The Rev. Al Mohler is "fascinated" with homosexuality. "Fascinating" is his word:
The spectacular success of the homosexual movement stands as one of the most fascinating phenomena of our time. In less than two decades, homosexuality has moved from "the love that dares not speak its name," to the center of America's public life.
The center of America's public life? That seems a bit much — Bravo isn't even the center of basic cable.
In the latest of a long, long, long series of columns exploring his consuming fascination, the Southern Baptist mullah discusses "Why the homosexual movement has won."
Mohler attributes this big gay triumph to the "strategy" outlined in a single book: After the Ball: How America Will Conquer Its Fear & Hatred of Gays in the 90s, by Marshall Kirk and Hunter Madsen. This book, Mohler writes, was "the authoritative public relations manual for the homosexual agenda."
According to Mohler, this book (Amazon sales rank 1,004,438) reshaped America and brought homosexuality to its place at the "center of America's public life." He objects to the "public relations strategies" outlined by Kirk and Madsen, things like "raising serious theological objections to conservative biblical teachings" and "exposing the inconsistency and hatred underlying antigay doctrines."

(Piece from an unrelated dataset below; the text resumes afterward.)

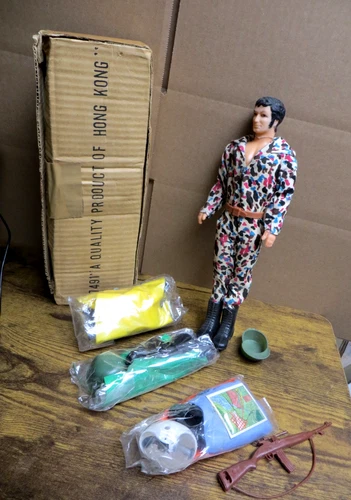 VINTAGE GI JOE 1964: MEGO FIGHTING YANK MONTGOMERY WARD MAILAWAY CATALOG BOX SET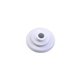 Enjoliveur (+ rotule + siège) de refoulement Easyline BLANC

Mohler's fevered imagination conjures up a monolithic, orchestrated "homosexual movement" in which local sleeper cells and militia groups gathered 15 years ago to read aloud from Kirk and Madsen's "manifesto" and to systematically orchestrate its grand scheme. (One pictures a nervous Mohler eavesdropping on strangers at Teddy Bear's in Louisville, hoping to glean insight into what goes on at these secret meetings.)
Mohler is so obsessed with this notion of a grand scheme and a gay agenda that he fails to appreciate why a greater number of "mainstream" heterosexual folks seem to have become more accepting of their homosexual neighbors: They've gotten to know some of those neighbors (sons/daughters/aunts/uncles/coworkers/friends) as people.
That's probably the strangest thing about guys like Mohler. Despite his fascination with homosexuals, he seems to think he doesn't know any.